So-called mercy killing is the subject of The Bramble Bush, but the principals have such a brisk sex life that the subject rather gets lost in the bedclothes.
The screenplay, from a novel by Charles Mergendahl, presents the doctor who performs the mercy killing as a sympathetic character. Setting of the film is one of those New England towns that seem to be a hotbed (sic) of sex. Richard Burton is a young doctor who returns to his home town to care for his best friend, Tom Drake, who is dying of Hodgkin’s disease. Burton has a brief affair with Drake’s wife, Barbara Rush, who becomes pregnant.

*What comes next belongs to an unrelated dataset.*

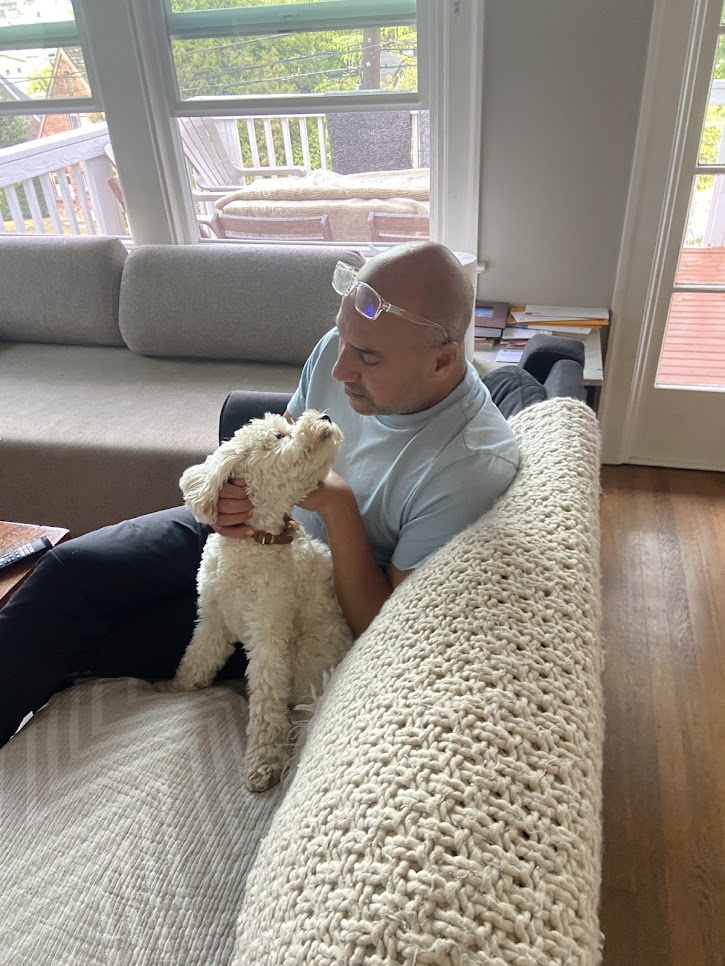Rachid relaxing with white fluffy dog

Burton has left his home partly because his father, a doctor before him, committed suicide long before the action of the picture opens, on discovering his wife (Burton’s mother) was having an affair with James Dunn. Other complications include nurse Angie Dickinson’s unrequited torch for Burton.
Burton is intense and intelligent as the doctor, although he is miscast as a New Englander of laconic cast. Rush delivers a strong and sensitive performance. Dickinson’s warmth overcomes some script deficiencies, and Dunn is interesting in a role not completely realized. Drake is excellent.
Art director John S. Poplin is expert at creating the New England atmosphere (out of what looks, on close inspection, to be local California coastline).